::: Exercise data :::
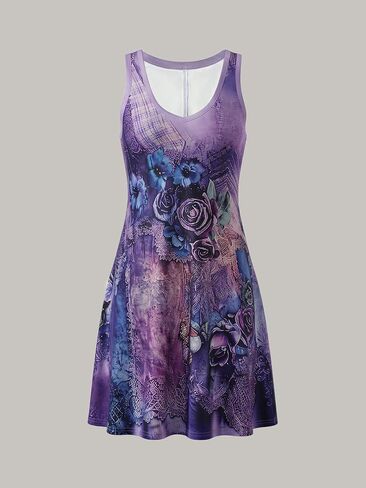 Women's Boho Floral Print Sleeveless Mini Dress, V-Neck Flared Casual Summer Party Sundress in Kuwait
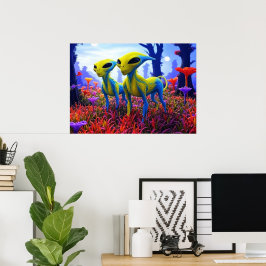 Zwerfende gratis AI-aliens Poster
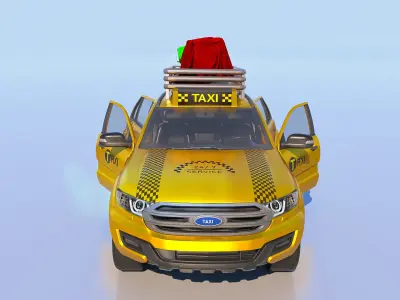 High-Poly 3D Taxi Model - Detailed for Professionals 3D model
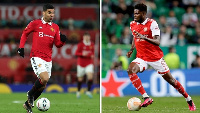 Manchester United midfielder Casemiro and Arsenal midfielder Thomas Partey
:::
Output, word for word, the full listing above, with no pictures.

 Women's Boho Floral Print Sleeveless Mini Dress, V-Neck Flared Casual Summer Party Sundress in Kuwait
 Zwerfende gratis AI-aliens Poster
 High-Poly 3D Taxi Model - Detailed for Professionals 3D model
 Manchester United midfielder Casemiro and Arsenal midfielder Thomas Partey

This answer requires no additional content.